With the new resolver, the fact that I've declared an MSRV of 1.64 means that newer versions of clap will not be considered by Cargo, and I won't accidentally find myself with a problematic MSRV; if I need/want fixes that are in clap = 4.3.24 or later, I can now take a PR to the clap maintainers backporting fixes and reducing the MSRV on a 4.3 branch (or in a clap-4.3 repo) and ask them to publish 4.3.ff (where ff > 24) for me.

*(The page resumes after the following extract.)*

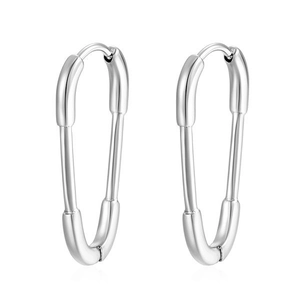 Polished silver paperclip earrings with minimalist oval design and hinged hoop closure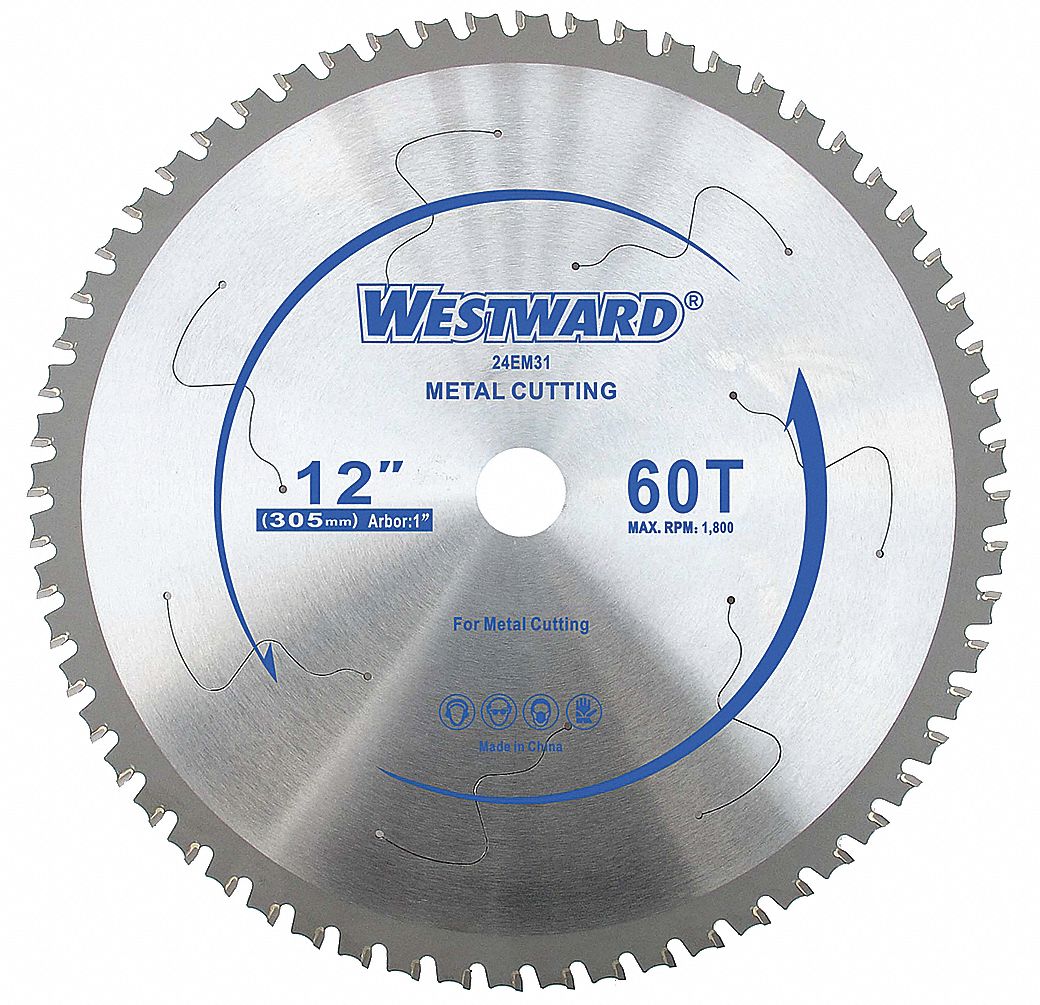 CIRCULAR SAW BLADE, CARBIDE, 12 IN DIA, 60, 1 IN, 10 ° , 1800 RPM, FOR AL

This now makes it reasonable for crate authors to bump the minor version whenever they increase MSRV, leaving the remains of that minor version series as space for backported fixes. We shall have to see how the ecosystem reacts to this; do we start treating an increase in MSRV as a minor version bump, or is it still something that people do in minor version series?

MSRV-aware resolver

DOT — Fri, 10 Jan 2025 10:03:33 +0000

That's up to the maintainer of each project. As you may expect with the long tail of open source work: most repos are dead, and for those that are alive, usually only the most recent version receives updates. Exceptions exist for the more popular projects that have more development resources behind them.

MSRV-aware resolver

zdzichu — Fri, 10 Jan 2025 09:23:32 +0000

How does security fixes backporting work with Rust crates? Are old versions on separate branches and do they receive updates after newer version is available?

MSRV-aware resolver

josh — Fri, 10 Jan 2025 08:58:11 +0000

The part I'm most excited about:

> 1.84.0 stabilizes the minimum supported Rust version (MSRV) aware resolver, which prefers dependency versions compatible with the project's declared MSRV. With MSRV-aware version selection, the toil is reduced for maintainers to support older toolchains by not needing to manually select older versions for each dependency.

This means that library crates can freely adopt the latest stable version, and people running older Rust toolchains will get matching older versions of the library. This reduces the tension in the ecosystem between people using the latest features and people running older toolchains.

I'm always happy when we can do things like this to help improve social situations in the ecosystem.